The second division respects an apparent minute adherence to matter- of-fact in character and Incidents; a biographical attention to probability, and an anxiety of explanation and retrospect. Under this head I shall deliver, with no feigned diffidence, the results of my best reflection on the great point of controversy between Mr. Wordsworth and his objectors; namely, on the choice of his characters.
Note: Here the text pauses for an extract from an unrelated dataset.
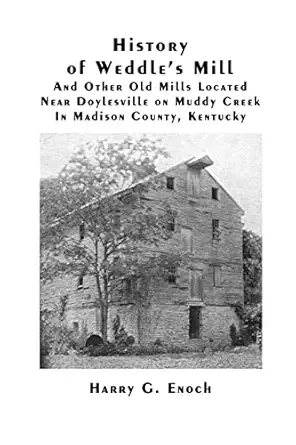 history of weddles mill and other old mills located near doylesville on muddy creek in madison county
I have already declared, and, I trust justified, my utter dissent from the mode of argument which his critics have hitherto employed. To their question, "Why did you choose such a character, or a character from such a rank of life?"—the poet might in my opinion fairly retort: why with the conception of my character did you make wilful choice of mean or ludicrous associations not furnished by me, but supplied from your own sickly and fastidious feelings? How was it, indeed, probable, that such arguments could have any weight with an author, whose plan, whose guiding principle, and main object it was to attack and subdue that state of association, which leads us to place the chief value on those things on which man differs from man, and to forget or disregard the high dignities, which belong to Human Nature, the sense and the feeling, which may be, and ought to be, found in all ranks? The feelings with which, as Christians, we contemplate a mixed congregation rising or kneeling before their common Maker, Mr. Wordsworth would have us entertain at all times, as men, and as readers; and by the excitement of this lofty, yet prideless impartiality in poetry, he might hope to have encouraged its continuance in real life. The praise of good men be his! In real life, and, I trust, even in my imagination, I honour a virtuous and wise man, without reference to the presence or absence of artificial advantages. Whether in the person of an armed baron, a laurelled bard, or of an old Pedlar, or still older Leech-gatherer, the same qualities of head and heart must claim the same reverence. And even in poetry I am not conscious, that I have ever suffered my feelings to be disturbed or offended by any thoughts or images, which the poet himself has not presented.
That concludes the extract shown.